A common misunderstanding about FixedUpdate is that it runs with a regular rhythm in real time / wall time. ie. that Unity is watching the clock like a hawk, and when the real-time moment for the next FixedUpdate comes around, it puts everything on hold and immediately runs FixedUpdate on that exact moment, then waits for the next moment again.
This is not what this method promises.
Unity runs FixedUpdate with a regular rhythm in game time. At the start of each frame, Unity measures how much game time should have elapsed since last frame, and runs FixedUpdate and the physics step back-to-back some number of times to catch up, advancing the game time in fixed increments with each step.
So, from the perspective of game time, FixedUpdate occurs with perfect regularity. That's how it lets us create consistent game simulations.
From the perspective of the player, who sees the end result after all the catch-up has been done for the frame, the result is a pretty good illusion of consistent frequency. They might observe a judder due to "loose change" time (a bit of extra time has elapsed since the last FixedUpdate, but not enough to run the next FixedUpdate), but this is usually fixable with interpolation. They can also observe slowdown/lag, if the hardware is overloaded and not able to run the updates fast enough for game time to keep pace with real time. This affects the play experience, but not the underlying consistency of the simulation, which still maintains its exact regular frequency in game time.

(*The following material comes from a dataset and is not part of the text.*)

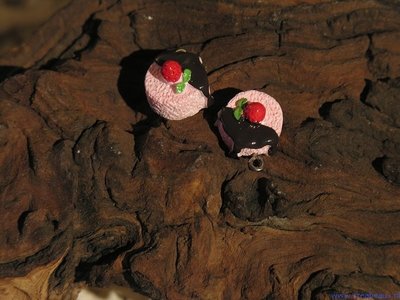 Cake, 18x16mm, roze/donker bruin
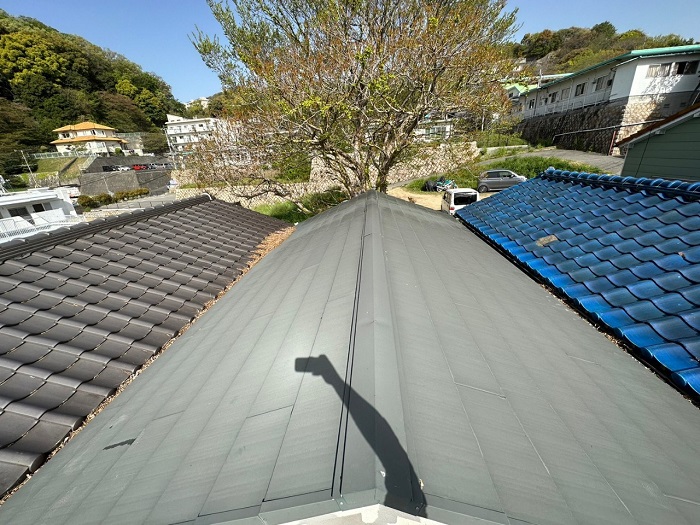 塗装前のガルバリウム鋼板屋根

But you're counting your FixedUpdates with respect to wall time. In wall time, FixedUpdates occur in bursts, generally after their "scheduled time", as the engine plays catch-up at the start of each frame to reach where the simulation should be for the next frame. Especially if your frames are running long because you're asking Unity to do hundreds of physics steps per second, the exact time when those steps are computed will have less and less correlation with the matching wall clock time.
If only the simulation log output matters, then you don't care about when those calculations happened in real time. You just need to know when it occurred within the simulation timeline. So you should be measuring Time.time
instead of DateTime.Utc.Now
. Or, if 32-bit floating point precision isn't enough for you, you can make your own timer variable that you increment by your fixed timestep in FixedUpdate
, to measure your simulation time at any precision you like.